MaxAbsScaler | teradatamlspk | pyspark2teradataml - MaxAbsScaler - Teradata Package for Python

Teradata® pyspark2teradataml User Guide

Deployment
VantageCloud
VantageCore
Edition
Enterprise
IntelliFlex
VMware
Product
Teradata Package for Python
Release Number
20.00
Published
December 2024
ft:locale
en-US
ft:lastEdition
2024-12-18
dita:mapPath
oeg1710443196055.ditamap
dita:ditavalPath
ayr1485454803741.ditaval
dita:id
oeg1710443196055
Product Category
Teradata Vantage

Assume a DataFrame as shown here.

>>> df.show()
+--------+--------+--------+
|feature1|feature2|feature3|
+--------+--------+--------+
|     1.0|     0.1|    -1.0|
|     2.0|     1.1|     1.0|
|     3.0|    10.1|     3.0|
+--------+--------+--------+

The following examples show the difference between PySpark MaxAbsScaler function and teradatamlspk MaxAbsScaler function.

PySpark

PySpark MaxAbsScaler function does not accept multiple columns. So, you create a Vector before using MaxAbsScaler.

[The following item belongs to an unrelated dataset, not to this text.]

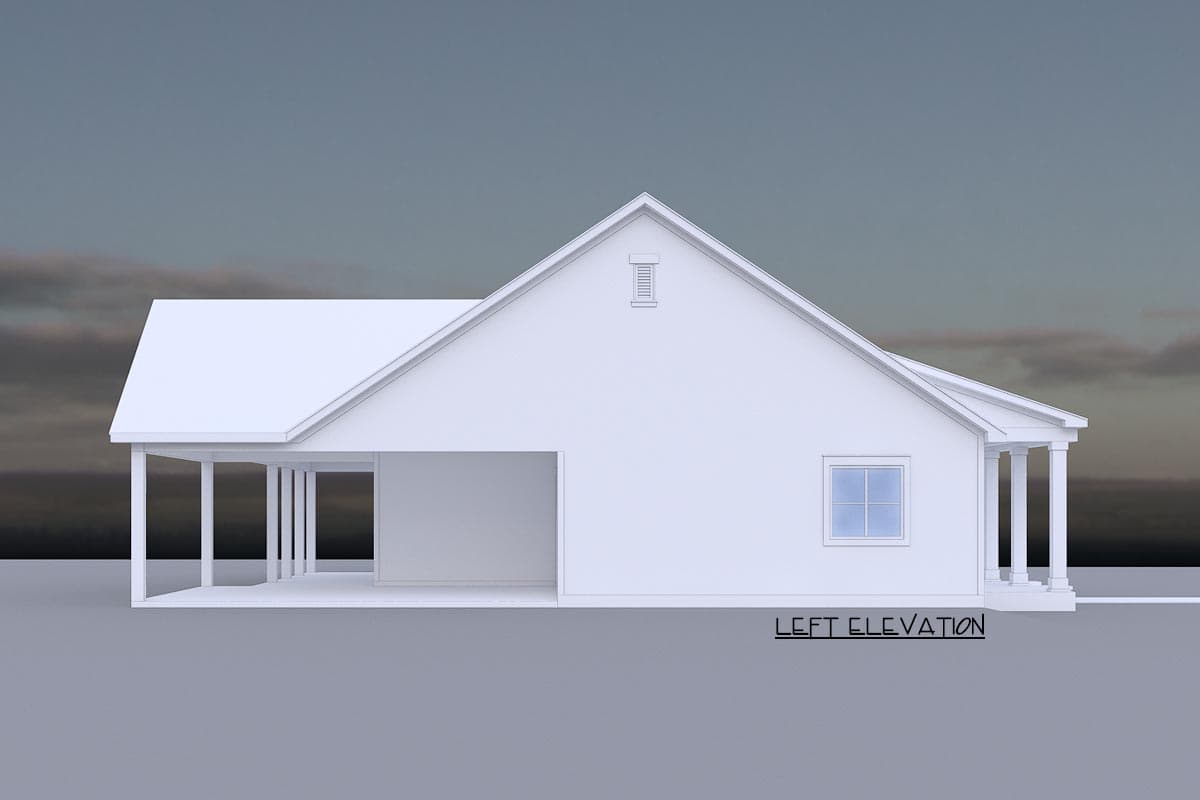 Left elevation house plan with a pitched roof, covered porch, single window, and covered garage.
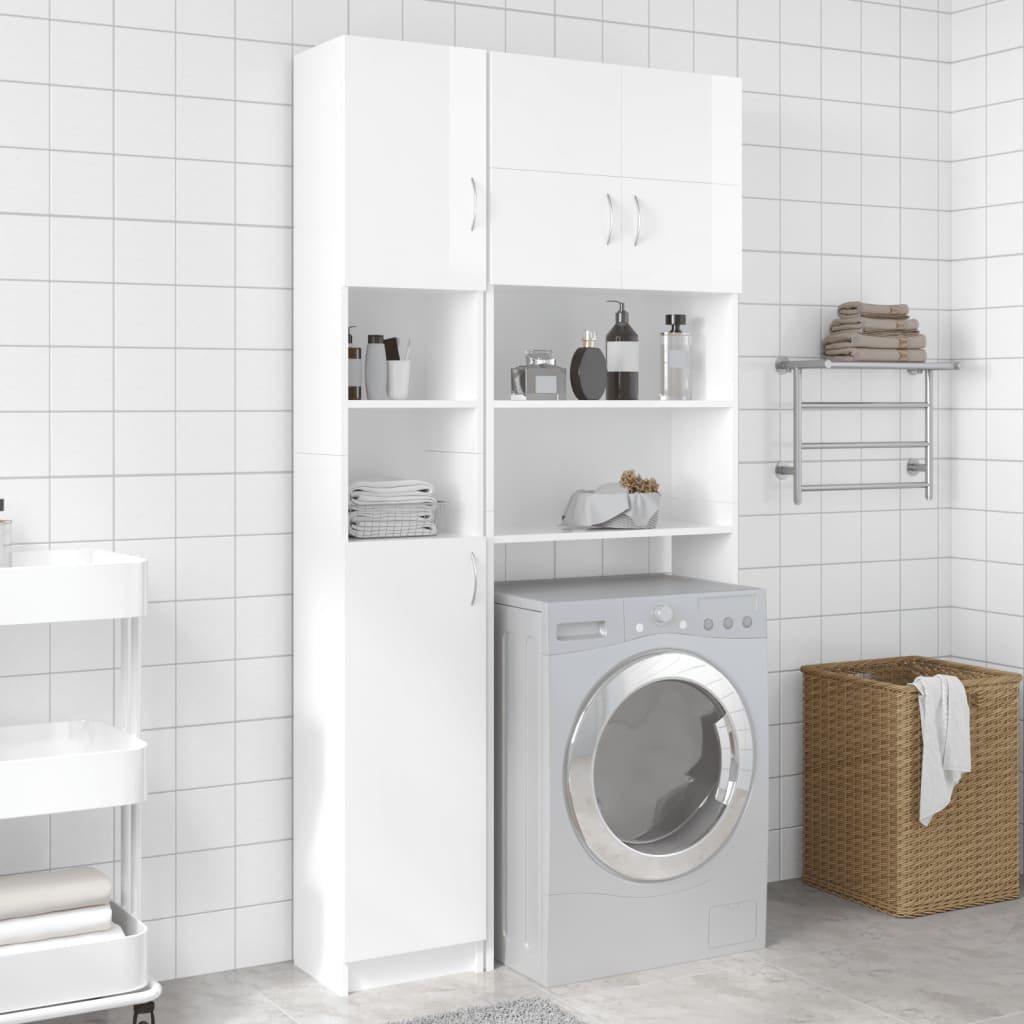 Vidaxl Washing Machine Set di armadi in legno trasformato Bianco lucido alto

>>> from pyspark.ml.feature import MaxAbsScaler, VectorAssembler
>>> df = VectorAssembler(inputCols=['feature2', 'feature3'], outputCol="features").transform(df)
>>> scaler = MaxAbsScaler(inputCol="features", outputCol="scaled_features")
>>> scaled_df = scaler.fit(df).transform(df)
>>> scaled_df.show()
+--------+--------+--------+----------+--------------------+
|feature1|feature2|feature3|  features|     scaled_features|
+--------+--------+--------+----------+--------------------+
|     1.0|     0.1|    -1.0|[0.1,-1.0]|[0.00990099009900...|
|     2.0|     1.1|     1.0| [1.1,1.0]|[0.10891089108910...|
|     3.0|    10.1|     3.0|[10.1,3.0]|           [1.0,1.0]|
+--------+--------+--------+----------+--------------------+

teradatamlspk

>>> from teradatamlspk.ml.feature import MaxAbsScaler
>>> scaler = MaxAbsScaler(inputCol=["feature2", "feature3"], outputCol="scaled_features")
>>> scaled_df = scaler.fit(df).transform(df)
>>> scaled_df.show()
+--------+--------------------+-------------------+
|feature1|            feature2|           feature3|
+--------+--------------------+-------------------+
|     3.0|                 1.0|                1.0|
|     2.0| 0.10891089108910892| 0.3333333333333333|
|     1.0|0.009900990099009901|-0.3333333333333333|
+--------+--------------------+-------------------+

The differences

  • PySpark returns a Vector but teradatamlspk does not return a Vector.
  • Column names for PySpark MaxAbsScaler transform method follows argument outputCol.

    However, teradatamlspk MaxAbsScaler transform method returns all columns as input DataFrame but the Columns mentioned in argument inputCol are scaled while the values of other columns remains same.